The real-life horrors the DuPont company inflicted upon Parkersburg, W.Va., get a strong cinematic treatment from director Todd Haynes with Dark Waters, an earnest legal drama that skips lengthy courtroom sequences in favor of in-depth looks at those affected—on all sides of the case.
Mark Ruffalo headlines the movie as Rob Bilott, a corporate attorney visited at his posh office one day by Wilbur (Bill Camp), a friend of his family. Wilbur, a lifelong farmer, shows up grumbling like a crazy person, screaming about dead cows and chemicals. Rob dismisses this agricultural Quint from Jaws, gets back to his meeting, and goes about his mostly comfortable day.
However, the encounter with Wilbur eats at Rob; he decides to investigate further and eventually winds up on Wilbur’s farm—where close to 200 cows have perished due to ailments like enlarged organs and tumors.
Wilbur thinks this is happening because of something in the water in the stream. Wilbur is right.
DuPont has been dumping toxic chemicals near Wilbur’s farm for years—ever since the company brought Teflon to the American public decades earlier—and Bilott is very familiar with the company. He’s even friends with Phil Donnelly (Victor Garber), a company lawyer. They have cordial discussions about Wilbur and his cows at first, but those discussions escalate into a lawsuit, followed by larger class-action suits, as the people of Parkersburg become aware of the chemical plague that has been infecting their drinking water.
The film works well, in part because it avoids typical courtroom-drama stereotypes. Ruffalo’s Bilott is a well-meaning but flawed guy, and he’s a little slow on the uptake at first. He’s also a bundle of nerves prone to medical emergencies, because he can’t take the pressure. Tom, his boss (played by a strong Tim Robbins), is alternately supportive and demanding—not the typical top-dog-lawyer monster who often resides in these movies. These characters actually have depth.
Ruffalo, who has been making big money as Bruce Banner/Hulk in the Marvel movies, was a solid actor before he went green—and he remains one. He has a WTF? face in this film that says it all, as he encounters one atrocity after another.
Even though much of what really happened in Parkersburg is now part of the public record, Haynes manages to make the movie somewhat of a mystery, with slow reveals as Bilott digs deeper and gets closer to the truth. There are moments that seem innocuous and standard—but are revealed later on to be pivotal.

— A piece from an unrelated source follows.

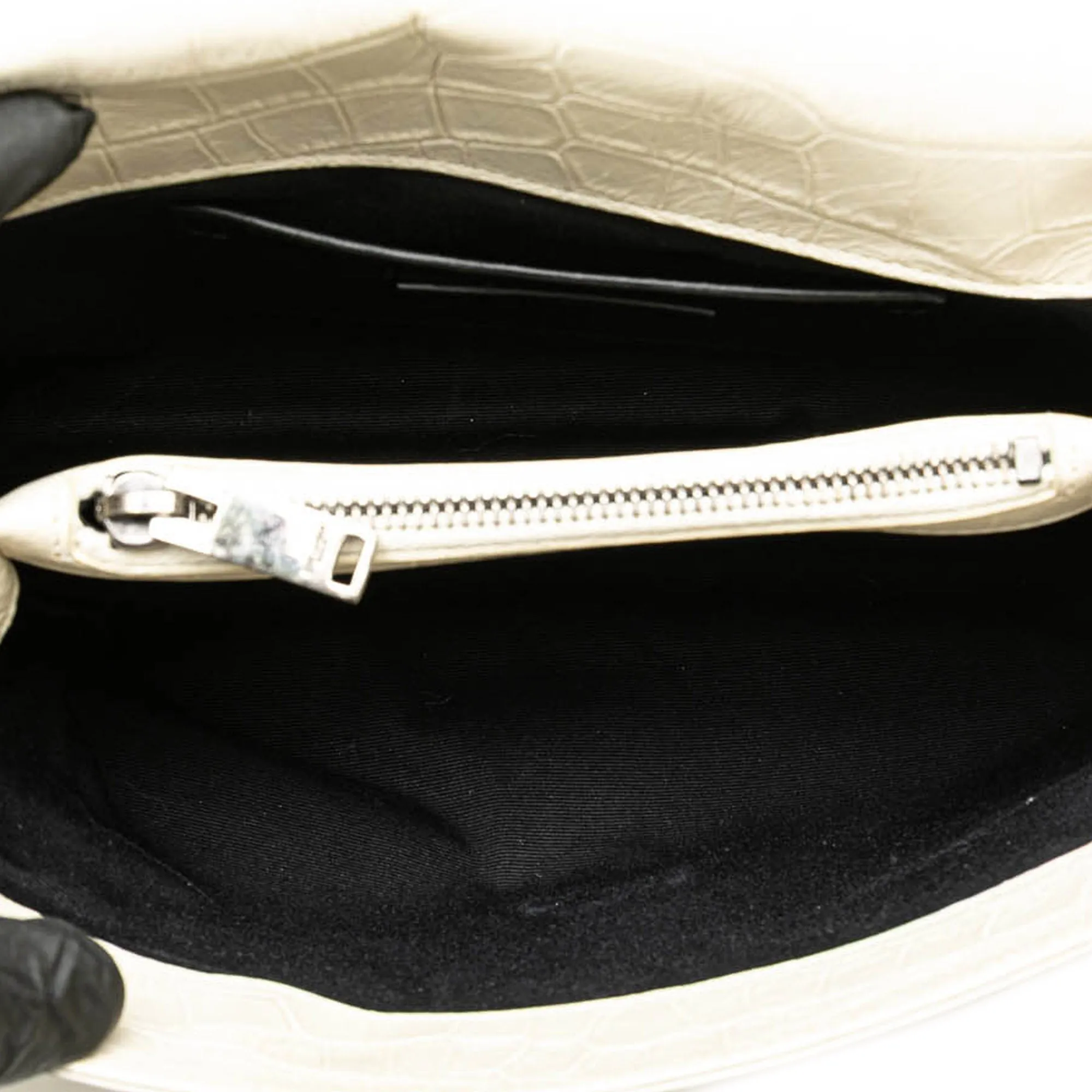Medium Embossed Calfskin College Satchel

I’ve known a few cow farmers in my time, and Camp gets all the elements right—but this farmer has the added unfortunate element of raging disgust with a corporation that is slowly killing him and his family. Wilbur’s encounter with a family cow losing its mind is heartbreaking. Anne Hathaway adds extra dramatic heft as Rob’s wife, Sarah, who is trying to keep normalcy in family as her husband goes off on a crusade that seems to be never-ending. She has some of the film’s more intense moments as she plays equal parts supportive and get-your-shit-together enforcer.

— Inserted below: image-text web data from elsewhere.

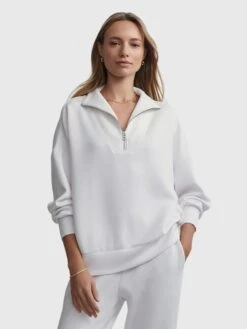 Varley Women's Hawley Half-Zip Sweatshirt -ST.BERNARD Clothing VAR01461xWHITExPrimary 164568387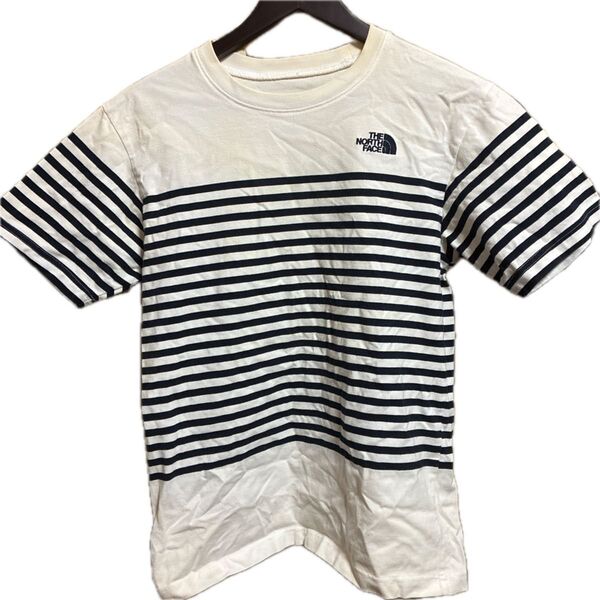 古着 THE NORTH FACE ボーダー 半袖 Tシャツ Mサイズ ノースフェイス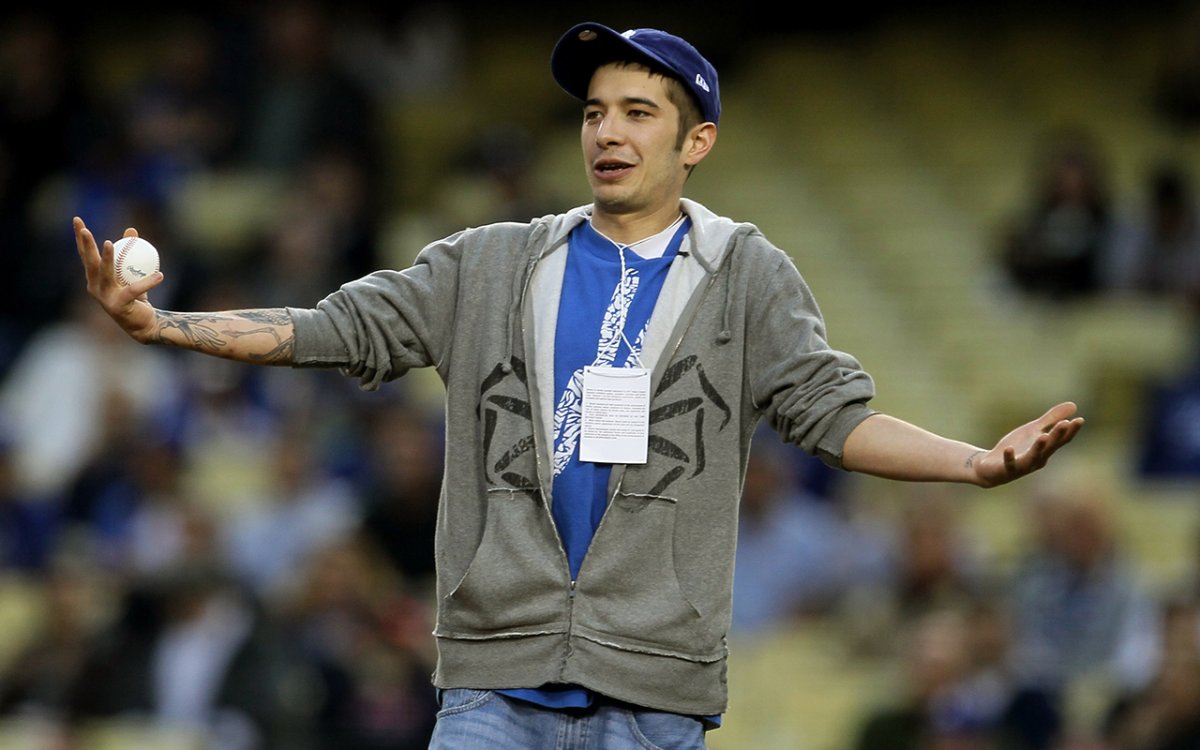 Jake Harris of the reality TV show 'Deadliest Catch' at Dodger Stadium on April 18, 2011 in Los Angeles, Calif.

Dark Waters will make you think about a lot of things we take for granted—like non-stick surfaces in our cookware, and swimming holes … and where does the water come from? This case was a blight on DuPont, a big company with a lot of problems, another one of them captured memorably in 2014’s Foxcatcher (which also starred Ruffalo).
One of the more shocking true details this film reveals is that most humans have traces of chemicals—like the those that polluted Parkersburg’s waters—in their blood. That’s an eye-opener, as is the movie as a whole. Dark Waters is a stark reminder that there are money-making entities out there that don’t give a rat’s ass about your well-being. That truth is scarier than anything you’ll find in a horror movie.
Dark Waters is now playing at theaters across the valley.